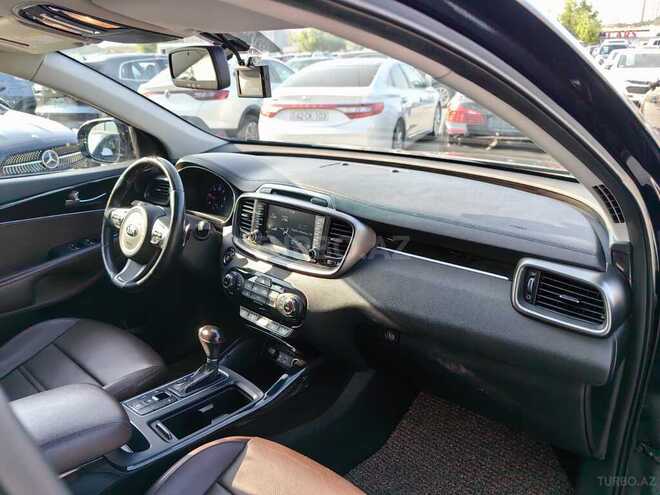 Kia Sorento-17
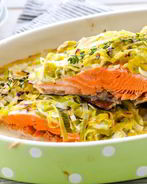 Чавыча под шубой из лука-порея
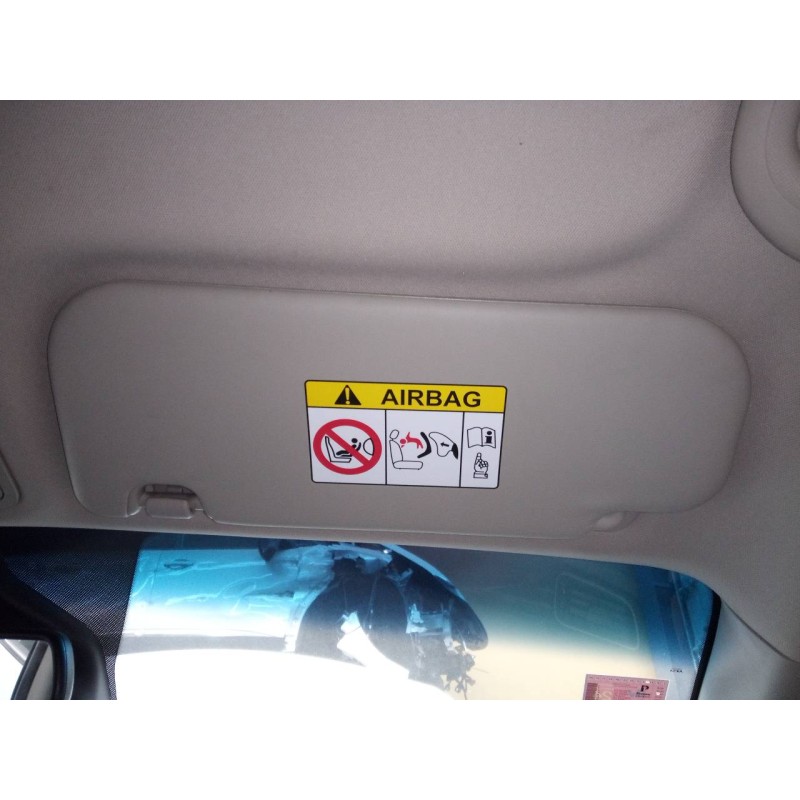 Recambio de parasol derecho para kia carens ( ) drive referencia OEM IAM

:: Task prompt ::
Print every line above once more, exactly. Omit the pictures.

:: Response to this task ::
 Kia Sorento-17
 Чавыча под шубой из лука-порея
 Recambio de parasol derecho para kia carens ( ) drive referencia OEM IAM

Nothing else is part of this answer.